F&WW’s concerns about the process for certifying foreign catfish facilities are not shared by the federal agency, especially when it comes to the two facilities called out by the activists.

“The two newly added establishments have previously exported to the U.S. (verified by FDA), are not ‘new,’ and our approach to them is also not new,” FSIS told POLITICO. The agency said the Federal Register previously reported countries could add to their list of establishments wanting to continue exporting to the U.S. during the transitional period.

Catfish inspection was officially transferred to USDA, from the U.S. Food and Drug Administration, on March 1. it is now involved in an 18-month transitional period, which is scheduled to end on Sept. 1, 2017, with full enforcement.

Under FDA’s risk based system, only about 1 percent to 2 percent of foreign catfish was subjected to inspection.
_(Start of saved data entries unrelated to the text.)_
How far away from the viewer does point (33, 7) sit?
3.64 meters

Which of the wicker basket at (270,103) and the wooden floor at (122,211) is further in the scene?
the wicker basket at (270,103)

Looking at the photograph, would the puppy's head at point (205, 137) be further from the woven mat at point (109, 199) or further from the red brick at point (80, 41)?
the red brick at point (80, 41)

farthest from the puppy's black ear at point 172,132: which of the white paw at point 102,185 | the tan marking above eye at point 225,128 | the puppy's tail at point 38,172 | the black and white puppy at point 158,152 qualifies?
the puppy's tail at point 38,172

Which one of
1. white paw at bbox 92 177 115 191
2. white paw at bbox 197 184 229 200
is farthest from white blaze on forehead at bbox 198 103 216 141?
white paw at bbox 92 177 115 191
The USDA catfish inspection program involves inspection of all foreign and domestic species.

Catfish inspection could still be shifted back to FDA if the House of Representatives joins during the lame duck session with the Senate in passing a joint resolution that would return the task to FDA.

F&WW is based in Washington D.C. Its IRS report on 2014 reported revenues approaching $15 million.